IBM Rational Functional Tester (RFT) provides automated testing capabilities for functional, regression, GUI, and data-driven testing. Installation is straight forward. The RFT can generate VBScript and Java statements, requiring some programming experience. Test execution is generally stable, but occasionally it has memory issues, which can be solved easily. During playback, Rational Functional Tester uses the Object Map to find and act against the application interface. However, during development it is often the case that objects change between the time the script was recorded and when a script was executed. For example, testing with multiple values selected using the Shift key pressed does not work. RFT supports data driven commands to generate different test cases, however the expected outputs need to be manually entered. RFT allows one script to call another script, so redundant activities are not repeated. However, scripts quickly become too long and hard to maintain. From reporting point of view, RFT supports results logs containing a lot of information, making hard to find the data really needed. It also supports customized reports but integration takes a lot of time. CI/CD integration is supported only for IBM products.

3 Google Test (with Google Mock)

Google Test (also known as Google C++ Testing Framework) is a unit testing library for the C++ programming language, based on the xUnit architecture. Google Test cannot be used for GUI automation tests as standalone tool. In this study, it is used together with Google Mock, so one can create mock classes trivially using simple macros, supporting a rich set of matchers and actions, and handling unordered, partially ordered, or completely ordered expectations. The framework uses an intuitive syntax for controlling the behavior of a mock, however it has been intended to support unit tests rather than GUI, so most testers find its installation, configuration and coding too complex. Google Test is good to consider for a team of highly skilled developers in test.

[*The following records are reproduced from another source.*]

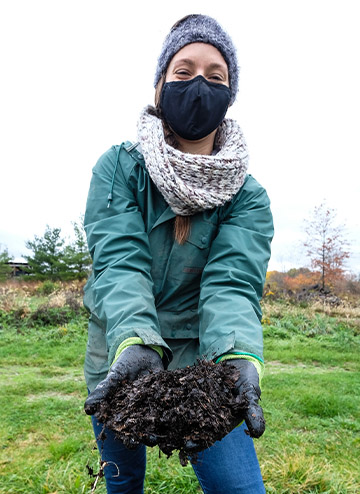 Leaf compost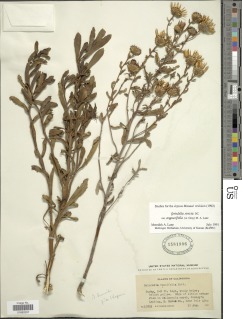 Grindelia stricta var. angustifolia image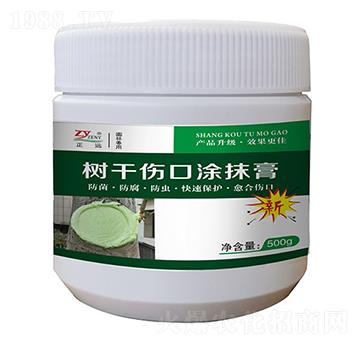 ��(sh��)�ɂ������τ�-���h(yu��n)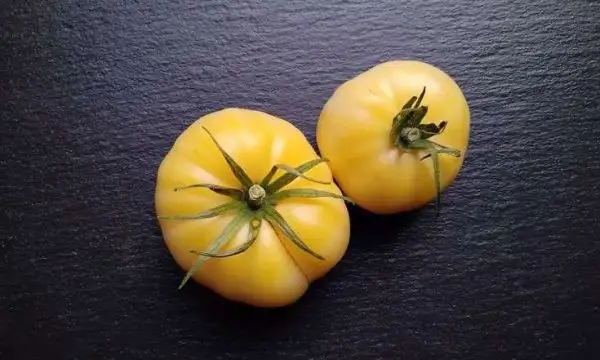 Tomaten: White Beauty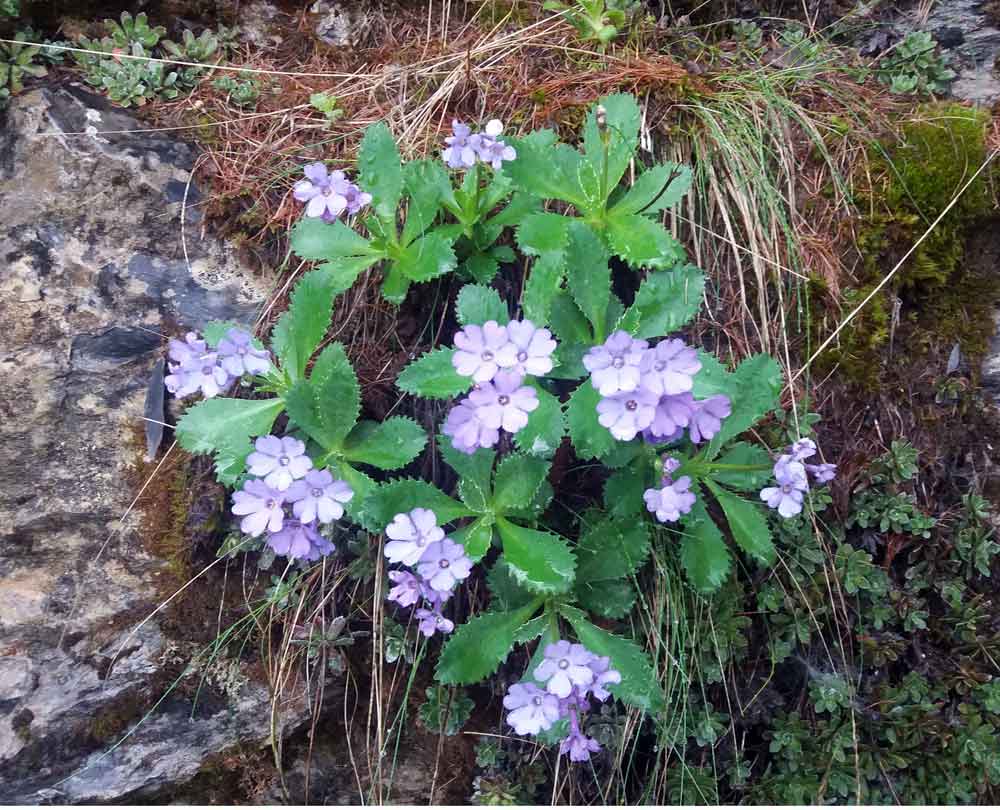 Primula marginata / Primula impolverata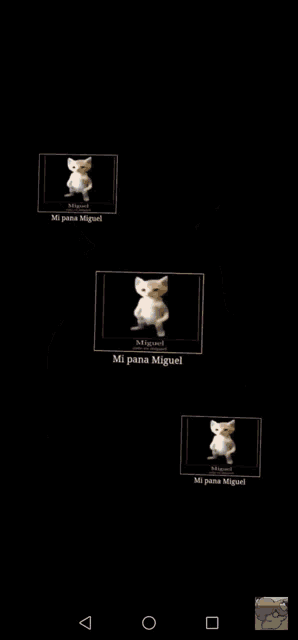 two cats are standing next to each other on a black background . one is white and the other is orange .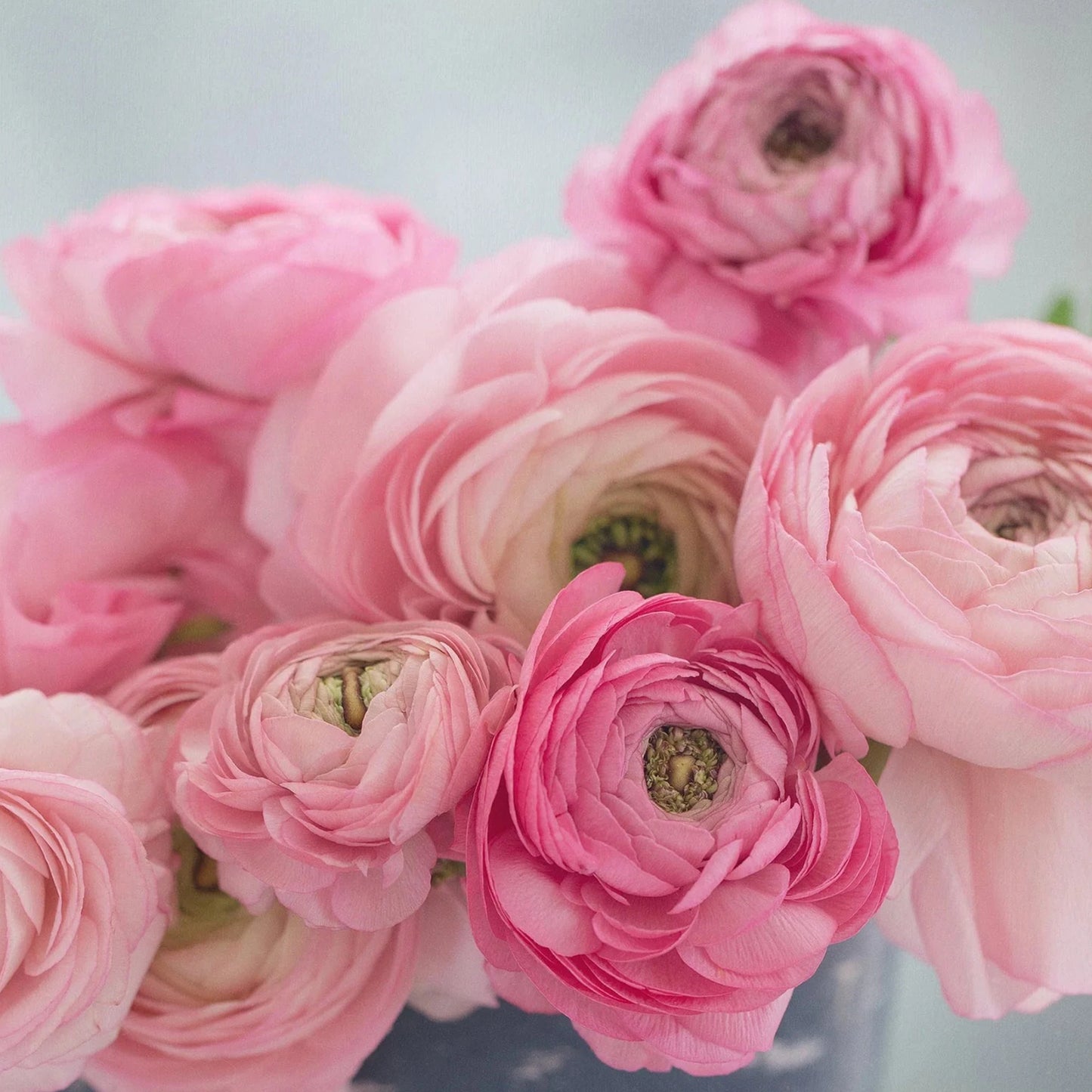 Ranunculus Mixed Collection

4 Unified Functional Testing (UFT)

HPE Unified Functional Testing (UFT) software, formerly known as HP QuickTest Professional (QTP), provides functional and regression test automation for software applications and environments. UFT is targeted at enterprise QA, supporting keyword and scripting interfaces and features a graphical user interface. The keyword view allows a novice tester to easily work with the tool. However, UFT often has problems recognizing customized user interface objects and other complex objects which need to be defined as virtual objects, requiring technical expertise. UFT can be extended with separate add-ins, e.g., support for Web, .NET, Java, and Delphi. UFT runs primarily on Windows, relying on obsolete ActiveX and VBScript which is not an object-oriented language. CI/CD integration is limited, as Test Execution engine is combined with the GUI Test Code development IDE. It is not possible to run the tests independent of HPE Unified Functional Testing. High licensing costs often mean that the tool is not widely used in an organization, but instead is limited to a smaller testing team, encouraging testing to be performed as a separate phase rather than a collaborative approach (as advocated by agile development processes). Test execution is quick, although it causes high hardware load.

5 TestComplete

TestComplete is a functional automated framework for Microsoft Windows, Web, and smartphone applications, providing separate modules for each platform. Tests can be recorded, scripted or manually created with keyword-driven operations and used for automated playback and error logging. The tool records only the key actions necessary to replay the test and discards all unneeded actions, supporting data-driven testing. Biggest product drawbacks are crashes, hangs and long waiting times (especially for DOM objects), as well as problems with reading XPath values for some browsers. Regular expressions and descriptive programming are not supported. TestComplete has good integration with CI/CD and reporting tools, although it might require technical expertise.

6 FitNesse

FitNesse is an integrated framework consisting of web server, a wiki and an automated testing tool for software, focused on GUI acceptance tests. FitNesse was originally designed as a highly usable interface around the Fit framework. As such, its intention is to support an agile style of black-box testing acceptance and regression testing. Installation is simple. Tests are described in wiki as decision tables, with coupled inputs and outputs. The link between those tables and the system under test is made by a piece of Java code called a fixture. FitNesse comes with its own version control but also can be integrated with external one. People with no programming skills are unable to use FitNesse, except adding or maintaining test cases in the wiki. The major drawbacks are that those tests are often limited. Also, recent FitNesse releases have issues with backward compatibility and lack of error messages or feedback on what during test execution went wrong.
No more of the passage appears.